Our purpose here is only to give a derivation from theoretical considerations of the present value of the dark energy to baryon matter content. If our derivation is causally correct, it means that the dark energy content increases with time from its primordial value after nucleosynthesis, followed by the pile-up of neutrons in stellar burning of nuclear fuel, e.g., neutrons in helium nuclei in the p-p cycle in main sequence stars. That is, burning hydrogen to helium with the gross result

$$\begin{equation} 4\ ^1_1{\rm H}\rightarrow\ ^4_2{\rm He}+2 e^+ +2 \nu_e, \end{equation} \tag{ 1 }$$

where new neutrons are detained in the helium nuclei.

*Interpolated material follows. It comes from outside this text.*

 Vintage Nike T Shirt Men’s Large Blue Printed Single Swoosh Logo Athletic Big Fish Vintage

We repeat the Higgs potential [15] from [16], also used in [17] for Higgs couplings to gauge bosons

$$\begin{equation} V_{\rm H}(\phi)=\frac{1}{2}\delta^2\phi_0^2-\frac{1}{2}\mu^2(\phi^\dagger\phi)+\frac{1}{4}\lambda^2(\phi^\dagger\phi)^2, \end{equation} \tag{ 2 }$$

with Higgs field ϕ [18–21] and coefficients

$$\begin{equation} \delta^2=\frac{1}{4}\varphi_0^2,\quad \mu^2=\frac{1}{2}\varphi_0^2,\quad \lambda^2=\frac{1}{2}, \end{equation} \tag{ 3 }$$

expressed in the electroweak energy scale $(v=\varphi_0\sqrt{2})$

$$\begin{equation} \frac{v}{\sqrt{2}}\equiv\varphi_0=\frac{2\pi}{\alpha}\Lambda_b=\frac{2\pi}{\alpha(m_W)}\frac{\pi}{\alpha_e}m_ec^2. \end{equation} \tag{ 4 }$$

Here $\Lambda_b$ is a baryonic energy scale [16,22] not to be confused with the cosmological constant. Further, $\alpha(m_W)$ and $\alpha_e$ are the fine structure couplings at the W boson and electron energy scales respectively¹ .

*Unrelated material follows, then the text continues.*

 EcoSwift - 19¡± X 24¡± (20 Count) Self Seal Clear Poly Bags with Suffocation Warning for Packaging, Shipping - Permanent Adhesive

The Higgs mechanism mediates the electroweak neutron to proton transformation with Higgs field $\phi=0$ for a neutronic state and $\phi=\phi_0$ for a protonic state, see fig. 1. Reversing the mechanism, we thus assume, that for each detained neutron there is one zero-mode δ-contribution to the dark energy. With $\delta=\varphi_0/2$ from (3), this gives the following dark energy to baryon matter ratio:

$$\begin{equation} \frac{\Omega_\Lambda}{\Omega_b}\biggl|_{\rm model}=\frac{\sum_{\rm neutrons}\delta}{\sum_{\rm baryons} m_{\rm baryon}c^2}\approx\frac{n_n\cdot\varphi_0/2}{n_b\cdot m_nc^2}. \end{equation} \tag{ 5 }$$

Here the n's are cosmological number densities of the respective species and the baryons we consider are either neutrons or protons, i.e., $n_b\approx n_p+n_n$. The ratio $n_n/(n_p+n_n)$ for use as $n_n/n_b$ in (5) we get from the helium Y and heavier Z content by the expression (see, e.g., p. 481 in [23])

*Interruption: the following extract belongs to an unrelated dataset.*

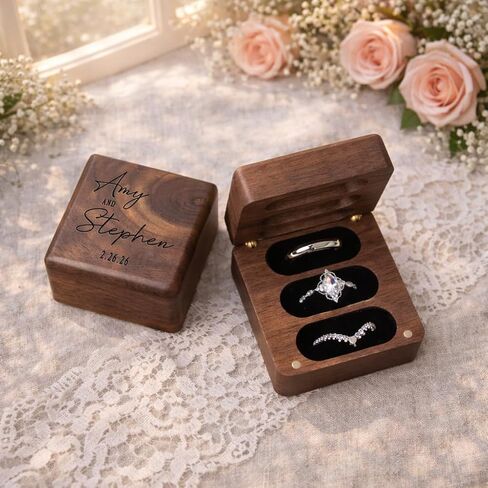 Personalized Square Wedding Ring Box. Fits 3 Rings. Made from Real Walnut Wood, Wedding Ring Holder (6) in Saudi Arabia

$$\begin{equation} Y+Z=\frac{2n_n}{n_p+n_n}\rightarrow\frac{n_n}{n_b}=\frac{Y+Z^*}{2}. \end{equation} \tag{ 6 }$$

Here $Z^*$ is weighted with relative neutron content in each nucleus² . Then, in standard model language where $v_{\rm SM}=v\sqrt{|V_{ud}|}$ [17] and with $v=\sqrt{2}\varphi_0$ from (4), we get by insertion in (5)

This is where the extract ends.